Corps Curriculum: Alumni in United States Service Academies


Graphics by Kitty Luo

As a kid, Daniel Katz ’09 dreamed of flying. He went to airshows in the southern California area whenever possible, where he was captivated by the fighter jets soaring through the open sky.

“I always wanted to be a fighter pilot, but like most childhood dreams, that just kind of faded as I got older,” Katz said. “I was still interested in flying jets but figured I would just have to put that on my bucket list for when I got older.”

During the summer before his junior year, Katz realized that his childhood dream could become a reality. He decided to look into the United States Air Force Academy, compelled by the idea of becoming a pilot while also receiving a quality education. He visited the academy’s Colorado campus and “fell in love,” prompting him to apply to and eventually attend the academy.

As a recent Air Force Academy graduate, Katz said he found the leadership training at the academy to be particularly valuable.

“From day one, you’re put in charge of people and held to a standard no other college kids are held to,” Katz said. “While challenging, it was extremely rewarding.”

While most students go on to attend either four-year liberal arts colleges or research universities after graduation, a select few choose to attend one-year, national service specialty institutions. Throughout the past five years, 10 students from the school have opted to take this route and apply to armed forces preparation academies.
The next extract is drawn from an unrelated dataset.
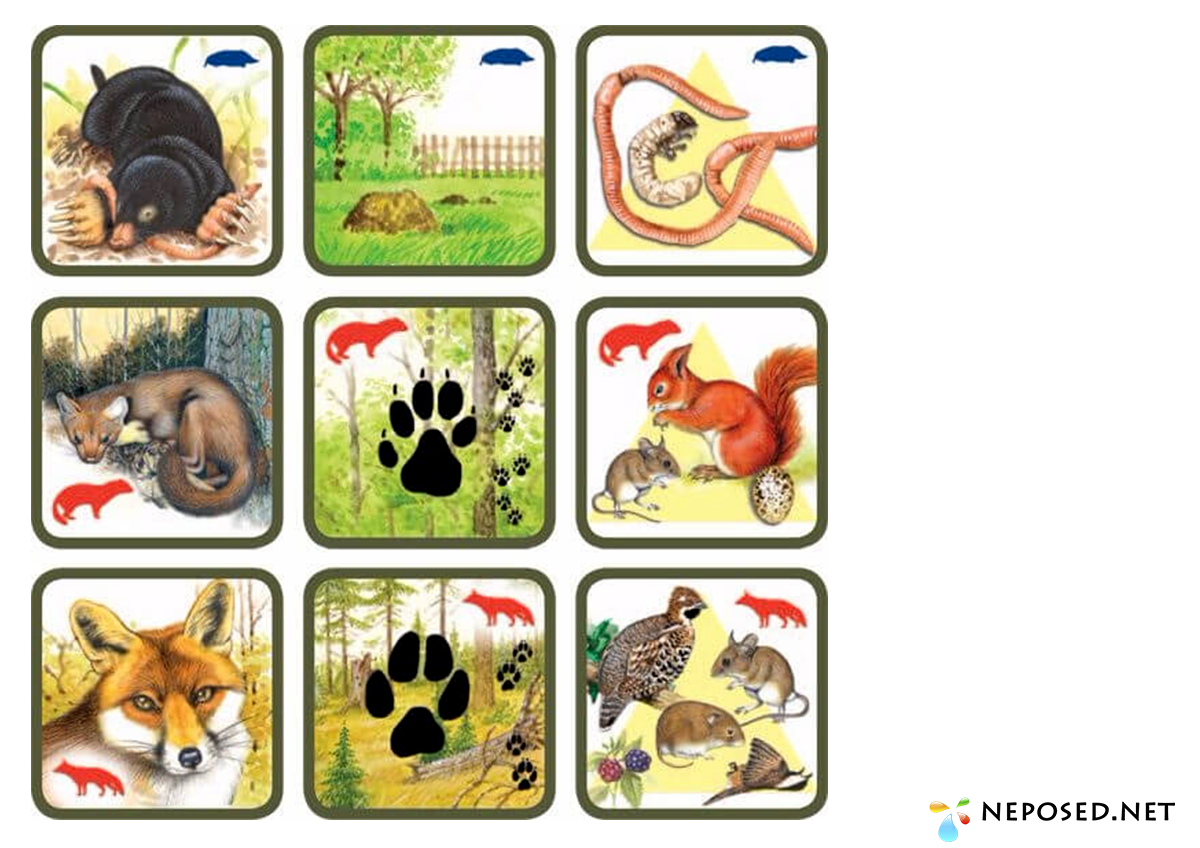 Дидактическая игра чьи следы Дикие животные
“I wanted to do something that was meaningful and something that was going to teach me to become a better person,” Nina Avalos-Juarez ’16, who currently attends the Naval Academy Preparatory School in Rhode Island, said. “I always knew I wasn’t going to go to a regular four-year college and do the same old thing because I’m just not that person.”

Juarez participates in the Foundation Program that the school offers, which helps students transition mentally and physically, before moving on to the United States Naval Academy in Maryland.

“We do not have a lot of students drawn to these schools in any given year, but those that are tend to have a strong interest in serving their country and appreciate the structure of these academies,” Upper School Deans Department Head Beth Slattery said.

Programs, such as the one Juarez is enrolled in, offer free education in return for eventual service in the armed forces. Although the academies often have STEM-centered core curriculums that include courses in chemistry, physics and calculus, students are able to take electives as well. For example, Juarez is also studying music, data structures and algorithms.

“From my perspective, the primary benefit is free, top-notch education and the opportunity to be surrounded by other students with a common desire to serve,” Slattery said. “For the right students, who understand what their responsibilities are once they get there and after they graduate, the academics can be a great fit.”

Gabe Golob ’16 is also attending the Naval Academy Preparatory School. He initially committed to play Division One baseball. He said that there is a good balance between military and academic focus.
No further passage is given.